Ian Bicking ianb at colorstudy.com
Wed Feb 1 19:29:35 CET 2006


Clark C. Evans wrote:
> On Tue, Jan 31, 2006 at 09:04:43PM -0600, Ian Bicking wrote:
> | Phillip J. Eby wrote:
> | >1. It disadvantages better solutions (whether frameworks or templates) 
> | >by reducing everything to the least common denominator
> | 
> | I think exposing load_template is an escape for template languages that 
> | don't fit into the standard dictionary-in-string-out approach.  Besides 
> | that, I don't know what Better Solution we're talking about.
> 
> I don't see how something like this disadvantages better solutions. If
> anything, I can see how it would enable quicker adoption of better
> solutions: an adapter from this "simple" interface to the "better"
> interface would be easy to construct and thus give out of the gate
> any better interface a leg-up.

My criteria is that it would be easy to implement Phillip's proposal in 
terms of mine (and I could provide a sample implementation of that if it 
would help), but it doesn't seem so easy to do the opposite.  Maybe not 
possible, because templates often need to get to raw (not plugin or WSGI 
wrapped) version of subtemplates (using communication APIs that are not 
standard and are not part of any of these specs).

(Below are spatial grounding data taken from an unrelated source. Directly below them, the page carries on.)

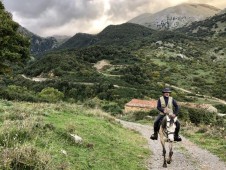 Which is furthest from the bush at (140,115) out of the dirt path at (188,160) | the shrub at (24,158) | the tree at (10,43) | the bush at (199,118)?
the shrub at (24,158)

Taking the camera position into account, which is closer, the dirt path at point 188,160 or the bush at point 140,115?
the dirt path at point 188,160

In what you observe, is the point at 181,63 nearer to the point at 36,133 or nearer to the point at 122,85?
the point at 122,85

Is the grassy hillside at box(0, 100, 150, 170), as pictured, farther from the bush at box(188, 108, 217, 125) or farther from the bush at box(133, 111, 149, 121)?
the bush at box(133, 111, 149, 121)

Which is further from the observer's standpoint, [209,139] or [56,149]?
[209,139]

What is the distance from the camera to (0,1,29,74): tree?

For instance, there's no way for a Cheetah template to extend a WSGI 
application.  It can extend other Cheetah templates, and even other 
Python classes, but not a WSGI app.

> | >2. It doesn't give templates access to the request or response without 
> | >creating new specifications for how they're to be encoded in vars -- 
> | >which would end up recapitulating the pre-WSGI "common 
> | >request/response" arguments all over again
> | 
> | The spec doesn't say anything about the variables passed in.  I guess 
> | there's an implication that it is a dictionary, though that might not be 
> | necessary.  The request and response are variables.  Why would they be 
> | something other than variables?  Even in Zope they are variables, right?
> 
> Ian, my "templates" use the Accept header to figure out what sort of
> content variant to return; plus a quick peek at the User-Agent for 
> last-minute compatibility tweaks.  How does the current/proposed
> templating system support this?  These things arn't exactly "inputs"
> that get renderd into the output string.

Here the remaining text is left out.